Interestingly, both sides agree on one critical fact: the better managed the DDC, the
safer/more informed everyone in the organization becomes. Thus, the trick is to get strategic
control of the DDC and remove or mitigate the dangers, while harvesting the benefits. For
litigation professionals, this means moving beyond the common ideas of:
a) Culling as the only form of DDC control
b) Looking at one litigation matter in isolation from other litigation matters and/or other corporate uses of information
c) Collection & production as the only mechanisms for the flow of DDC in and out of the
organization
Culling is not a DDC organization strategy
Litigation professionals often cull document populations to get to the most relevant, the most
damaging, or the most vindicating material. To do so, they remove irrelevant material from the
database or collection, a process known as culling. To be fair, litigation teams often find
themselves weeding through a lot of junk: irrelevant emails, spam, announcement blasts and
other miscellany. The desire to cull, cull, cull is strong and well-ingrained. At its best, culling
reduces the overall population so there is less to actually sit down and pore over (aka Document
Review), there is less to potentially produce and there is typically less expense to process, host,
etc.
While culling surely has its place, it is not a proxy for intelligent DDC management. In fact, pure
culling based on relevance or privilege may actually be a mistake to the larger picture beyond
litigation. Culling removes documents, and thus information, from the system. A better option
than culling (which typically implies removal of DDC altogether), is suppression. Document or
Content Suppression, sometimes called “quarantining,” removes the DDC from active view or use
in searches, document review, productions, etc., but not necessarily from analytics or other
data mining activities. It also leaves the “culled” DDC from one particular litigation matter
available for other matters or other uses. We’ll come back to the notion of DDC re-use in
Section 3. For now, let’s simply highlight the idea that intelligent management of information,
oriented around suitability for a specific purpose, is a much smarter strategy than wholesale
culling.
Document Populations are Not Static – Even in Litigation
In Litigation, as in many business processes, additional documents and content frequently enter
the picture after the initial set is collected. Sometimes new custodians’ data enter the mix,
sometimes material comes from third parties or FOIA requests. Litigation professionals can
learn from their RMIG counterparts about the notions of Intake, Retention and Disposal of
documents, as part of an ongoing, expected process, rather than as an emergency fire drill each
time it happens. (Evolving from perpetual fire drills to rational process is a theme we will explore further in Section 5.) Most RMIG teams have mapped out a regular workflow2
of
documents into, through, and out of their document management systems.
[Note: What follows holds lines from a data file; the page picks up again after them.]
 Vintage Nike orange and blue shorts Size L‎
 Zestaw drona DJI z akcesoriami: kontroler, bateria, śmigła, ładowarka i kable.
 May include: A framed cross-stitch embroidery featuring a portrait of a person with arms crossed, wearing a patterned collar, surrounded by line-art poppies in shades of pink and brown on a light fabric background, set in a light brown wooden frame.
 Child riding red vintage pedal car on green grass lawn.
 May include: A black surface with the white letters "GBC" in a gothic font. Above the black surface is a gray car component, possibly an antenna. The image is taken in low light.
Intake can coincide with collection efforts, and often includes some kind of data processing
and/or document massaging as part of the ingestion into the ultimate database or hosted
system. For example, Intake might include a special email Inbox or an online intake form where
custodians upload relevant DDC. Larger DDC collections arrive via ftp or on hard drives, often
with a first stop being some kind of file processing (usually for text and metadata extraction,
and/or duplicate detection and removal). By combining arrival of documents with preparation
of the data for analysis, hosting and review, smart teams reduce steps and save time and
money. In doing so, the set up an ongoing, repeatable document workflow for additional
documents in a single matter, or for additional matters and purposes.
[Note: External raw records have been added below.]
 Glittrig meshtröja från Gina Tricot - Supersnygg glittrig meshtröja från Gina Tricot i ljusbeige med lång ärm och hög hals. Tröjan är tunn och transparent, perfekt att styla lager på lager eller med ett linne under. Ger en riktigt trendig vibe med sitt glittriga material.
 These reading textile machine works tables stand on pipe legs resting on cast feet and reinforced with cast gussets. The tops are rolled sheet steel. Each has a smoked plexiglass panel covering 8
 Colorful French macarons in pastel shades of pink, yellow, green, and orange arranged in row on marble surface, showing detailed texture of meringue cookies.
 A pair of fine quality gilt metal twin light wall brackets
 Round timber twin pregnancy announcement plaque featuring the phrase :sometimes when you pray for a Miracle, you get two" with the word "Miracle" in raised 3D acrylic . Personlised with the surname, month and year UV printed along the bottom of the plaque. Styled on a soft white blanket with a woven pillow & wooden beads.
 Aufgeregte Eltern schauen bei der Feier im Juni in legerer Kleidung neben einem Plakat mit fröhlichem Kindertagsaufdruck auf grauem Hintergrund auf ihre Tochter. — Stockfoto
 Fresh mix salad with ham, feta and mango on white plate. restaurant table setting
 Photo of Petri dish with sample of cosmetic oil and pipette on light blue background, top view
Just like corporate records management, litigation teams should establish rules for document
retention. The simplest rule, already being followed in most cases, is Relevance. Relevance
asks: is the document’s content, attributes or source in some way germane to the matter in
question, to other matters or to the client in general? Non-relevant documents are culled (or
perhaps suppressed, per above), and not retained in an active sense. There can be many other
nuances to retention, such as date windows or the presence of certain terms or attributes of the
DDC. Following RMIG models, litigation teams should undertake actual documentation of the
rules by which documents will be retained, for how long and in what manner, essentially, a
Litigation Matter Retention Schedule. Once this is in place, it is simply a matter of testing
each subsequent DDC item against those rules to determine inclusion, suppression or removal of
the item – a task which can and should be automated.
quality, add value, and provide for reuse over time, and this new field includes authentication, archiving, management, preservation, retrieval, and representation.”
2.0 Data is a Mess!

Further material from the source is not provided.